Look at Teen Wolf. While Dylan O’Brien is known for playing Stiles in the hit MTV series, he really hit his peak when we played Nogitsune. Even though I love Stiles, and I loved how O’Brien played him, watching him as Nogitsune reminded me of just what a fantastic actor he really is.
It’s pretty obvious that a show is only as good as the actors they select to play certain characters, but I think this applies even more to villains. They really have to go toe-to-toe with some of television’s greatest heroes — and that isn’t always easy.
But when I think of the villains that just didn’t work out, I don’t attribute it to bad acting. If anything, villains that fail to wow audiences tend to do so because of the anticlimatic journey it ends up being.
Pretty Little Liars is a prime example of this. At the end of season two, when they revealed that Mona was “A”, I was over the moon. I thought that this was such as great plot twist because it proved that Mona was more than just Hanna’s entitled best friend. It added layers to the character and made me actually interested in where her storyline was going to go.
That being said, every other villain reveal in Pretty Little Liars from that point forward was just awful. Sure, Charles was an okay villian, but you cannot tell me that Spencer’s long lost British twin as the series’ big bad was the best they could do.
I think the real reason that she didn’t resonate with me as a great villain was because she didn’t have good reasoning behind what she was doing. In order for a villain to be effective to me, I want to be able to at least understand where they’re coming from and why they’re doing the things they’re doing. If I don’t get a good explanation, then I will never be impressed.

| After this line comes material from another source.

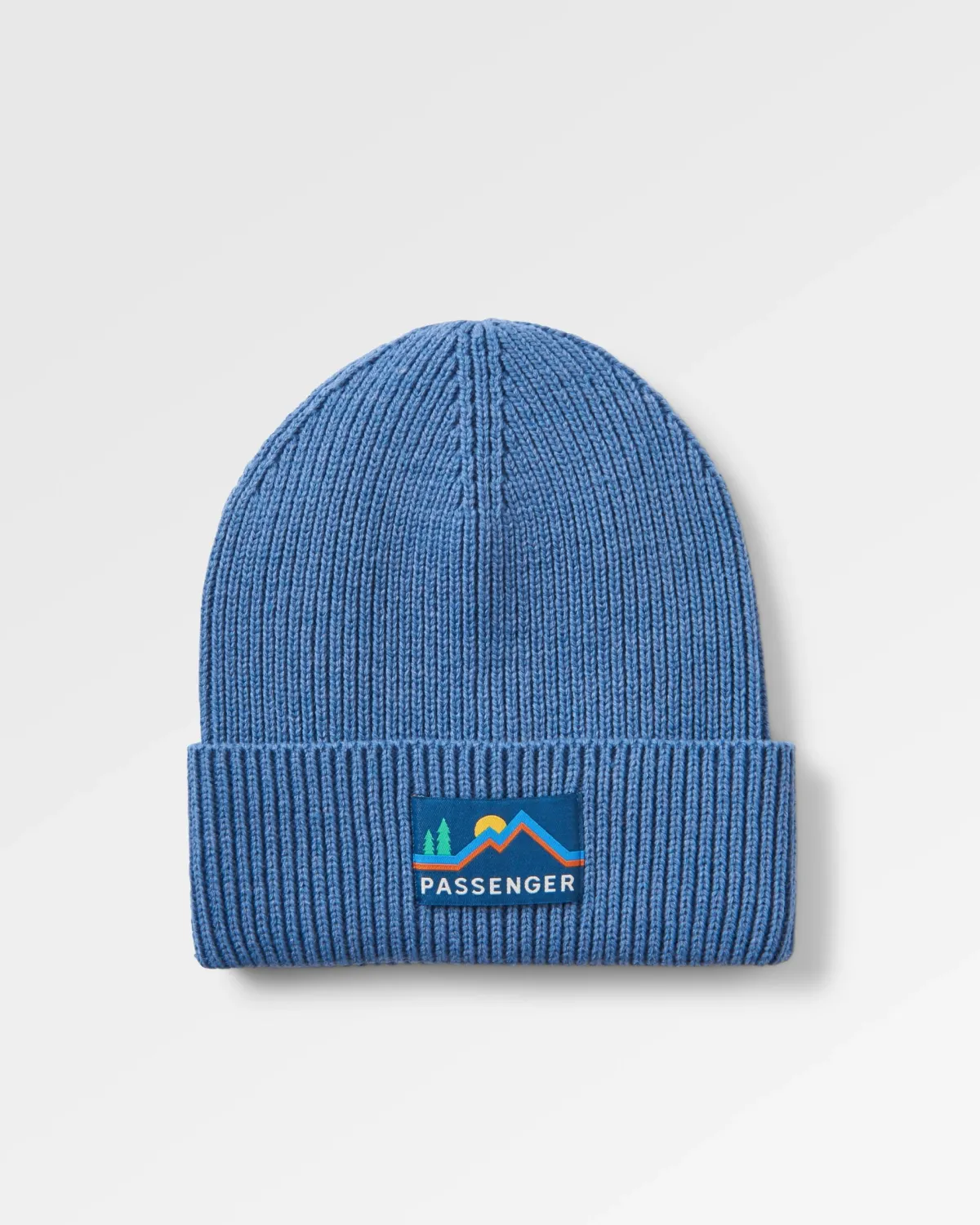 Beanies|Passenger Recycled Beanie - Moonlight Blue MoonlightBlue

The Walking Dead is a show that excels in providing the audience with motivations behind people’s actions. Not only do I think The Governor was The Walking Dead’s greatest villain, but he was also one of the best villains of all time. The intriguing thing about him was that you could view him from Andrea’s perspective and you’d think that maybe he’s not a bad guy. But if you took a walk in Maggie and Beth’s shoes, that’d be a completely different story.
Even the creeps at Terminus has a reason for what they were doing (as insane as their reasoning was).
I would bring up Negan, but I actually stopped watching The Walking Dead right before he bludgeoned Glen and Abrahan to death. However, I did hear that they’re giving him a redemption arc these days which is wild to me. In my column about redemption arcs, I touched on the idea that some villains shouldn’t be redeemed. To me, Negan is the least deserving character to receive a redemption arc. I also stopped watching that show a long time ago so who knows what they’re doing.
Lately, I’ve been watching a lot of random television, but after writing this piece, I now crave a show with a fantastic villain arc. I should just rewatch season three of Wynonna Earp and appreciate the beauty that is the Bulshar storyline.
What Wynonna Earp did in season three is what every show should aim to do. Have a season-long villain storyline, but don’t have it completely dominate the season. “I Fall To Pieces” is probably one of my favorite episodes of the series, and it doesn’t even cover Bulshar. I think the point of this episode is to have some light amid all the darkness that is normally being shoved in our faces.
Villains can be a lot of fun, but too much of them can be exhausting. Being able to balance the light and the dark is a testament to a great television show.